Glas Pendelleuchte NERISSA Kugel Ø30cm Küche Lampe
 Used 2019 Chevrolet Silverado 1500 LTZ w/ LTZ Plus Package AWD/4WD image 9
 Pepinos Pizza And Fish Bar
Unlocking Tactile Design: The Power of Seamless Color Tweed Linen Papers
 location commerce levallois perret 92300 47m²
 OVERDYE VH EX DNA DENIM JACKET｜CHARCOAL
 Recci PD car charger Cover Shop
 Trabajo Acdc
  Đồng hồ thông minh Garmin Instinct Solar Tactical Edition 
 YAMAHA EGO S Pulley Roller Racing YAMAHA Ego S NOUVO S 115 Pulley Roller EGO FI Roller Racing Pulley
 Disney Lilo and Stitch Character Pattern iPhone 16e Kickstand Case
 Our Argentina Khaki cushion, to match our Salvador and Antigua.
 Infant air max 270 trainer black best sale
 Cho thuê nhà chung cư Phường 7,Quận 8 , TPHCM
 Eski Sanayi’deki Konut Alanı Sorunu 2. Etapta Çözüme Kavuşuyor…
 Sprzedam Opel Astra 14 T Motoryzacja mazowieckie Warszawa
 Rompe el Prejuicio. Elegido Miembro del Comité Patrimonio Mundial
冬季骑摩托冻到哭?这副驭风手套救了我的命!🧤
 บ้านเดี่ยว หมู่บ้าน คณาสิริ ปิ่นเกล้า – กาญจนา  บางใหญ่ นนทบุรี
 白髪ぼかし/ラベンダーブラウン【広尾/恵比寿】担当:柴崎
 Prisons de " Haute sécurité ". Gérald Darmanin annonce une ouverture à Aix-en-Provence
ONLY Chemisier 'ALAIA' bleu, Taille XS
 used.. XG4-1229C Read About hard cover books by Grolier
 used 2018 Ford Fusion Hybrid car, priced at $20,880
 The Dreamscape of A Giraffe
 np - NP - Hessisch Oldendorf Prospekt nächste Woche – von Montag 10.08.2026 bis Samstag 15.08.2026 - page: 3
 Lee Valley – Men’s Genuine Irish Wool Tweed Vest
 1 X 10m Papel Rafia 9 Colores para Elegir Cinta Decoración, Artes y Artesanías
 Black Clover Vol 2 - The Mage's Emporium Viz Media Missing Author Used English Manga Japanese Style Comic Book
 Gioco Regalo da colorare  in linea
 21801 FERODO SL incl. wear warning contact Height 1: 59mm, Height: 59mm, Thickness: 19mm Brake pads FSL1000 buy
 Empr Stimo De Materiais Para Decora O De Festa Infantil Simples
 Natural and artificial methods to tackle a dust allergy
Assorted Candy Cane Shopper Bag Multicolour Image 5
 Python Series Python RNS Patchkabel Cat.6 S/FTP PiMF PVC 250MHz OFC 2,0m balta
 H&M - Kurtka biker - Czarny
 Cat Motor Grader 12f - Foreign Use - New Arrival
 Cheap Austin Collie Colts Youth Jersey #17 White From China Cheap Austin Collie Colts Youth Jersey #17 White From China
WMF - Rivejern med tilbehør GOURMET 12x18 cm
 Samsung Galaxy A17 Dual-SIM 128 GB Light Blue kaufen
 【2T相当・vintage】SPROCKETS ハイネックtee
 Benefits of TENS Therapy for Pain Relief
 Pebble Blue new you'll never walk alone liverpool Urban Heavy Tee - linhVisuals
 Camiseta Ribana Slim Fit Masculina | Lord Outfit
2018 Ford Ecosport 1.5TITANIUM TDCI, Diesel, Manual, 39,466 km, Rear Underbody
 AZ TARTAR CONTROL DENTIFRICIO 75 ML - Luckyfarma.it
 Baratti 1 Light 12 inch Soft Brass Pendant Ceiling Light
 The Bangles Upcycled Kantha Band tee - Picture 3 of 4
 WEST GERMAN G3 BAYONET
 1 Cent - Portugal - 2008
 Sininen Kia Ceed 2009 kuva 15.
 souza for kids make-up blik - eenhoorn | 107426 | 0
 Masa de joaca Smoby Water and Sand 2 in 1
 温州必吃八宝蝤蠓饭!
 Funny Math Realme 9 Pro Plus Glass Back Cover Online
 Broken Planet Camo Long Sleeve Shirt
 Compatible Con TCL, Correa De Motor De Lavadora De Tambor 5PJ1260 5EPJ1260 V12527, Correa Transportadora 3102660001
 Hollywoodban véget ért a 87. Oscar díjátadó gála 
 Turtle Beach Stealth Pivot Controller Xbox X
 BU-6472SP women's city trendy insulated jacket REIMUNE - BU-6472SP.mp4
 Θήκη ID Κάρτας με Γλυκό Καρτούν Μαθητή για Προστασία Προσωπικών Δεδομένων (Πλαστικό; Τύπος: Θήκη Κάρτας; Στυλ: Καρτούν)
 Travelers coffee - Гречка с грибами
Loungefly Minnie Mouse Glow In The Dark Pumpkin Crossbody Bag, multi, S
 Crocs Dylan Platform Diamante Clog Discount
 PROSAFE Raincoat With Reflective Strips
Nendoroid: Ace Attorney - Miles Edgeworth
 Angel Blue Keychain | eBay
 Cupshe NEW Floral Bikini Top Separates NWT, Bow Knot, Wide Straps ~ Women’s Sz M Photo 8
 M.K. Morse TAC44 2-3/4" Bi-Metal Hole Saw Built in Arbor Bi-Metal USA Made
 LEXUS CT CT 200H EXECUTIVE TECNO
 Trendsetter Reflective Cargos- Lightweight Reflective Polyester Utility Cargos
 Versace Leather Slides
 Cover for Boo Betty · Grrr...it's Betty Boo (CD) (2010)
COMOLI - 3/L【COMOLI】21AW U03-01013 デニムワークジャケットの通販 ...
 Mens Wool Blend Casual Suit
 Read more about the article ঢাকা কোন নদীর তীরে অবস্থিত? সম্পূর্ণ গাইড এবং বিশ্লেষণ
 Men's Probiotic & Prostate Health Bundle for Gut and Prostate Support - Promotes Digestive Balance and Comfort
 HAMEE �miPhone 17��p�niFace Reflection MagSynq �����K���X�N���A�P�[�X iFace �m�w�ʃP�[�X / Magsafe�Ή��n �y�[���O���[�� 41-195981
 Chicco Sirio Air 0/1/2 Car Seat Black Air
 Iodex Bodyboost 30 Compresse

▬▬▬▬▬▬

* EXERCISE DIRECTIONS
An answer is complete only when it holds every line above containing the string "Tweed".

* ANSWER TO THIS TASK
Unlocking Tactile Design: The Power of Seamless Color Tweed Linen Papers
 Lee Valley – Men’s Genuine Irish Wool Tweed Vest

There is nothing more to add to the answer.